7/3/08

Hidden Pentagon Costs

Figures on defense spending are notoriously unreliable. The numbers released by the Congressional Reference Service and the Congressional Budget Office do not agree with each other. Robert Higgs, senior fellow for political economy at the Independent Institute, says: "A well-founded rule of thumb is to take the Pentagon's (always well publicized) basic budget total and double it."

In an attempt to disguise the true size of the U.S. military empire, the government has long hidden major military-related expenditures in departments other than Defense.

For example, $23.4bn for the Department of Energy goes towards developing and maintaining nuclear warheads; and $25.3bn in the Department of State budget is spent on foreign military assistance (primarily for Israel, Saudi Arabia, Bahrain, Kuwait, Oman, Qatar, the United Arab Republic, Egypt and Pakistan).

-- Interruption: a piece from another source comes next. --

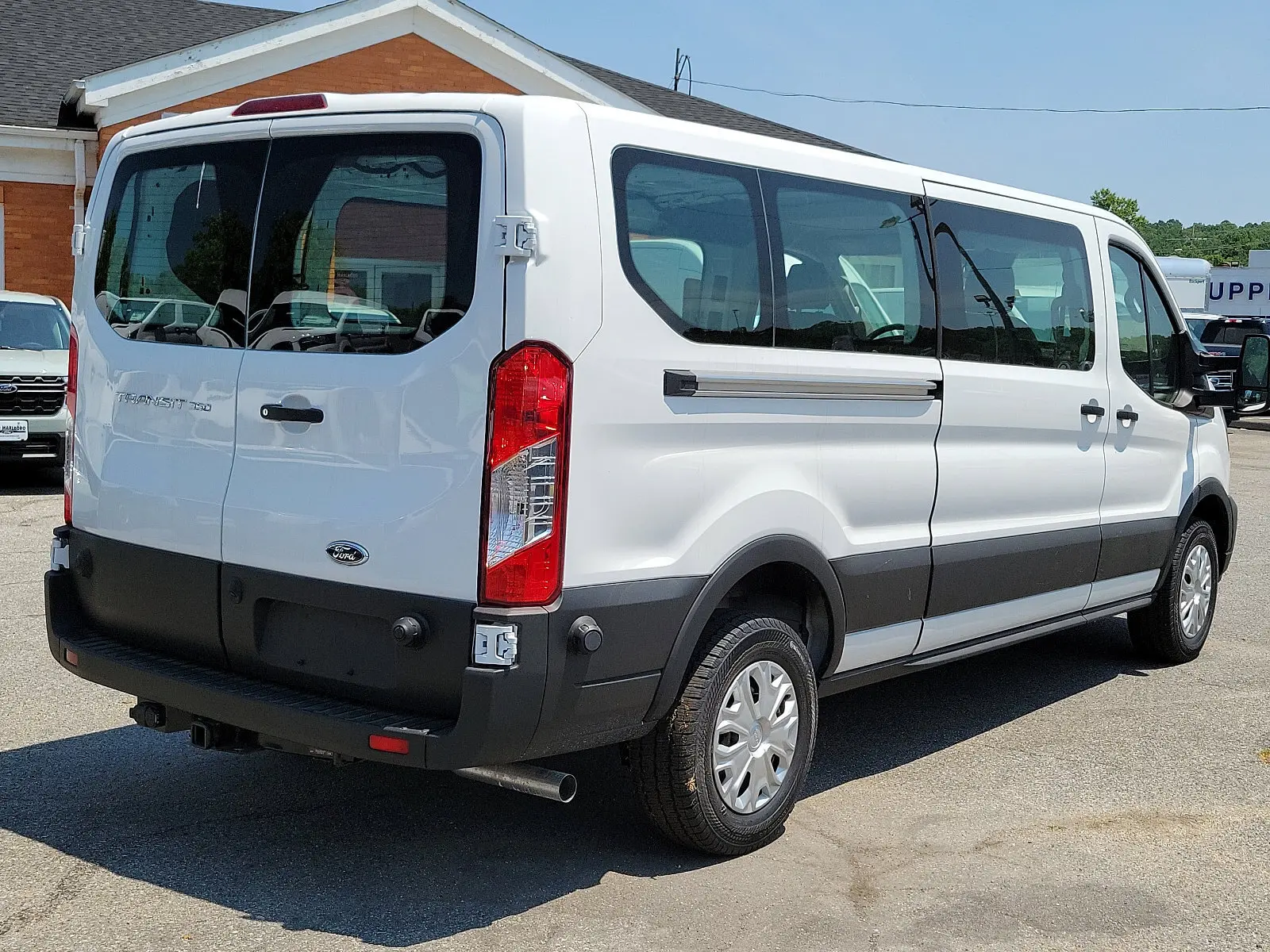 image-3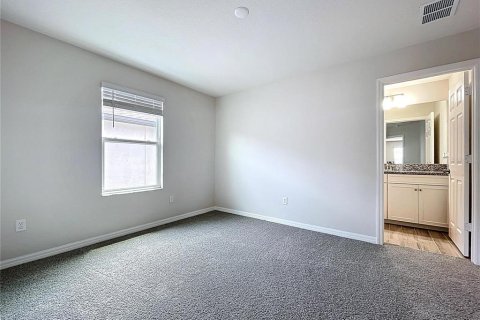 Villa ou maison à vendre à Wimauma, Floride: 5 chambres, 353.03 m2 № 1747123 - photo 28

The Department of Veterans Affairs currently gets at least $75.7bn, 50% of it for the long-term care of the most seriously injured among the soldiers so far wounded in Iraq and Afghanistan. [Other examplesinclude] $1.9bn to the Department of Justice for the paramilitary activities of the FBI; $38.5bn to the Department of the Treasury for the Military Retirement Fund.

[Altogether] it brings U.S. spending for its military establishment during the current fiscal year, conservatively calculated, to at least $1.1 trillion.